SUPPLIED RECORDS:

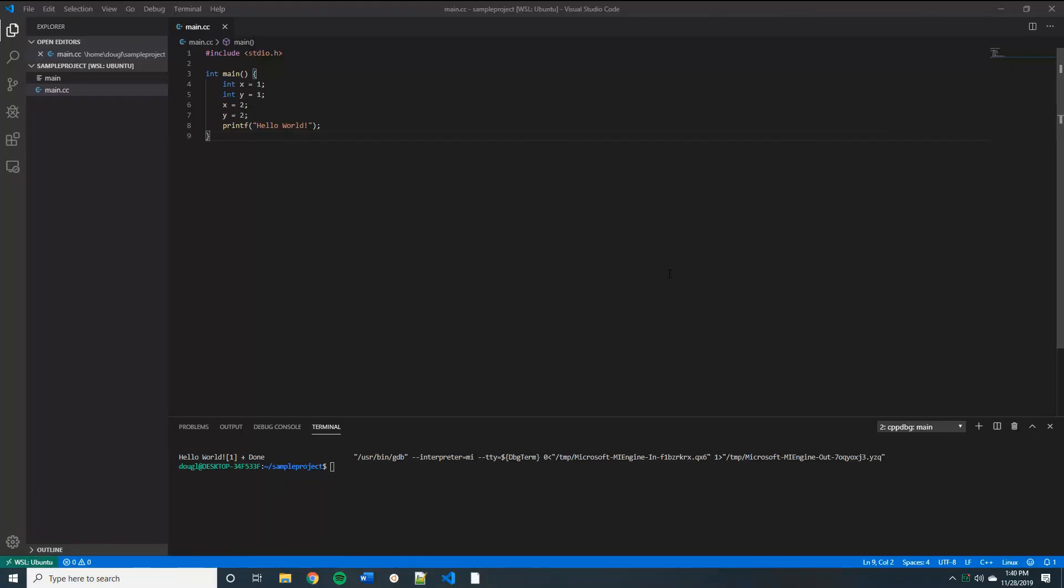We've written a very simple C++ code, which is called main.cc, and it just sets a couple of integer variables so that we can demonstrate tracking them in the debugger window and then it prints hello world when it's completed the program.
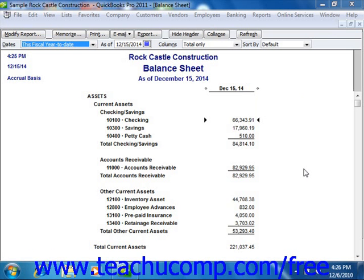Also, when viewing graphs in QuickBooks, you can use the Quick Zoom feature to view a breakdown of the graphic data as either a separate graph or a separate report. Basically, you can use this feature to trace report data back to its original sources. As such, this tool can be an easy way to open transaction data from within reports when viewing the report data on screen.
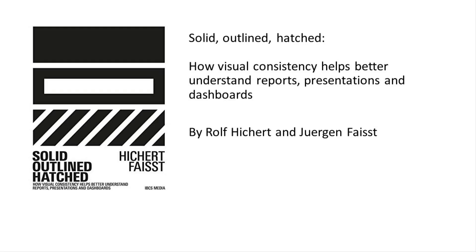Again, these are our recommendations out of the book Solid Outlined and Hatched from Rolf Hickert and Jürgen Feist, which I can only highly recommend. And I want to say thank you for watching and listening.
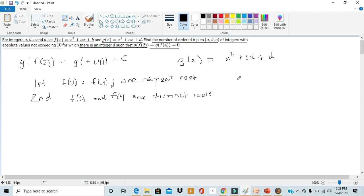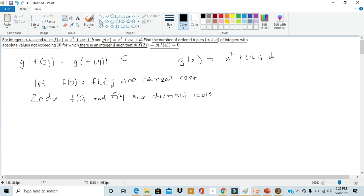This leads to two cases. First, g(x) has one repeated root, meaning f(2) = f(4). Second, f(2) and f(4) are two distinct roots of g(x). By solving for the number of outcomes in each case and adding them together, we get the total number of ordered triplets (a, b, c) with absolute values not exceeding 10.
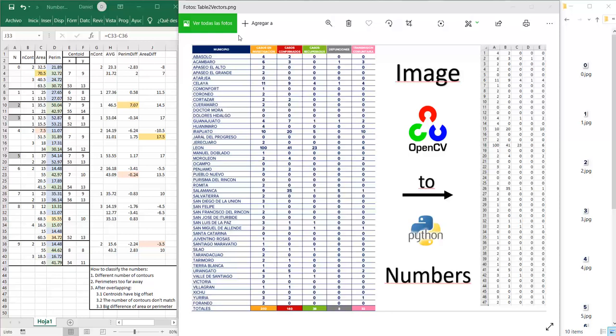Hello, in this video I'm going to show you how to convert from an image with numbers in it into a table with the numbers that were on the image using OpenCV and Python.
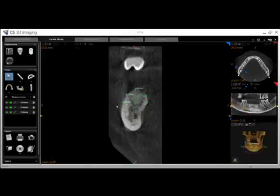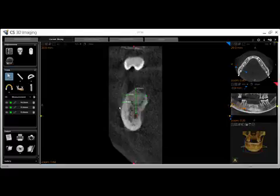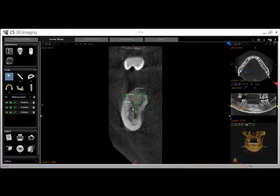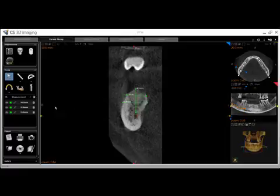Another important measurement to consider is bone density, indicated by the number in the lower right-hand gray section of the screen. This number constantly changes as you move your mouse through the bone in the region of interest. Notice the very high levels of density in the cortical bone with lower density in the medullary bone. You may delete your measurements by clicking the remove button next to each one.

EXERCISE:
Pictures do not go in the copy; print every entry exactly as it stands.

ANSWER SECTION:
We've written a very simple C++ code, which is called main.cc, and it just sets a couple of integer variables so that we can demonstrate tracking them in the debugger window and then it prints hello world when it's completed the program.
Also, when viewing graphs in QuickBooks, you can use the Quick Zoom feature to view a breakdown of the graphic data as either a separate graph or a separate report. Basically, you can use this feature to trace report data back to its original sources. As such, this tool can be an easy way to open transaction data from within reports when viewing the report data on screen.
Again, these are our recommendations out of the book Solid Outlined and Hatched from Rolf Hickert and Jürgen Feist, which I can only highly recommend. And I want to say thank you for watching and listening.
This leads to two cases. First, g(x) has one repeated root, meaning f(2) = f(4). Second, f(2) and f(4) are two distinct roots of g(x). By solving for the number of outcomes in each case and adding them together, we get the total number of ordered triplets (a, b, c) with absolute values not exceeding 10.
Hello, in this video I'm going to show you how to convert from an image with numbers in it into a table with the numbers that were on the image using OpenCV and Python.
Another important measurement to consider is bone density, indicated by the number in the lower right-hand gray section of the screen. This number constantly changes as you move your mouse through the bone in the region of interest. Notice the very high levels of density in the cortical bone with lower density in the medullary bone. You may delete your measurements by clicking the remove button next to each one.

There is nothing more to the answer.